Exercise instructions ▸ Reproduce the listing below in full and without alteration, apart from its pictures.

Information shown ▸
——

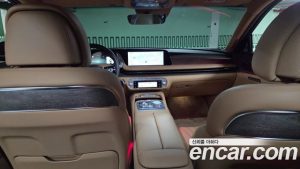 Genesis G90 Бензин 3.5 Turbo AWD 2025 года из Южной Кореи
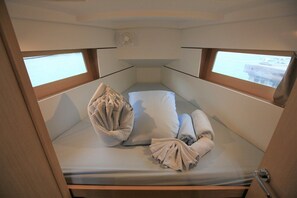 1 bedroom, iron/ironing board - Caribbean Dream: Sun-soaked Sailing Adventure from Tortola, Islas Vírgenes Británicas (Road Town)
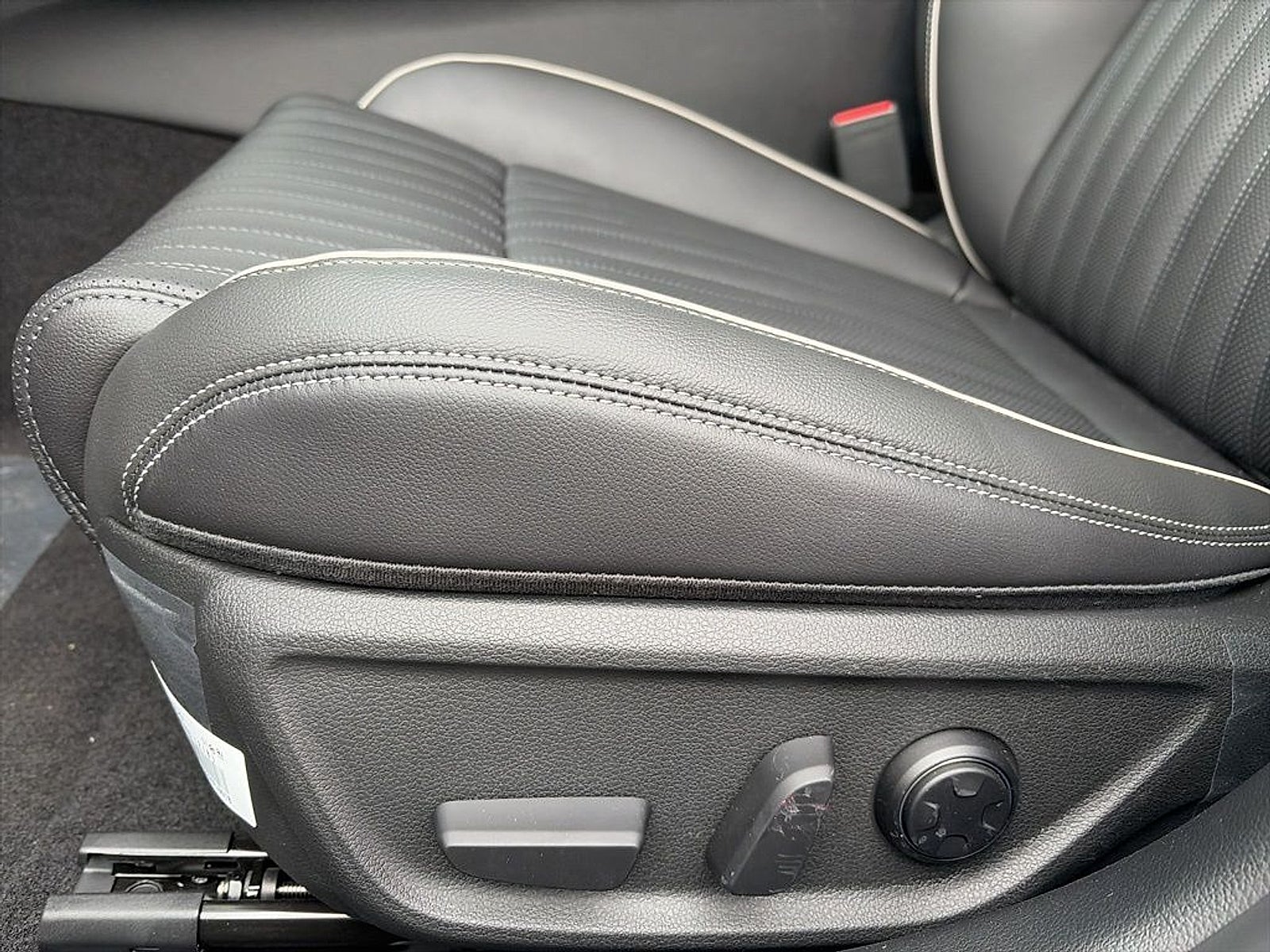 2026 Genesis G70 2.5T RWD Prestige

——

Answer space ▸
 Genesis G90 Бензин 3.5 Turbo AWD 2025 года из Южной Кореи
 1 bedroom, iron/ironing board - Caribbean Dream: Sun-soaked Sailing Adventure from Tortola, Islas Vírgenes Británicas (Road Town)
 2026 Genesis G70 2.5T RWD Prestige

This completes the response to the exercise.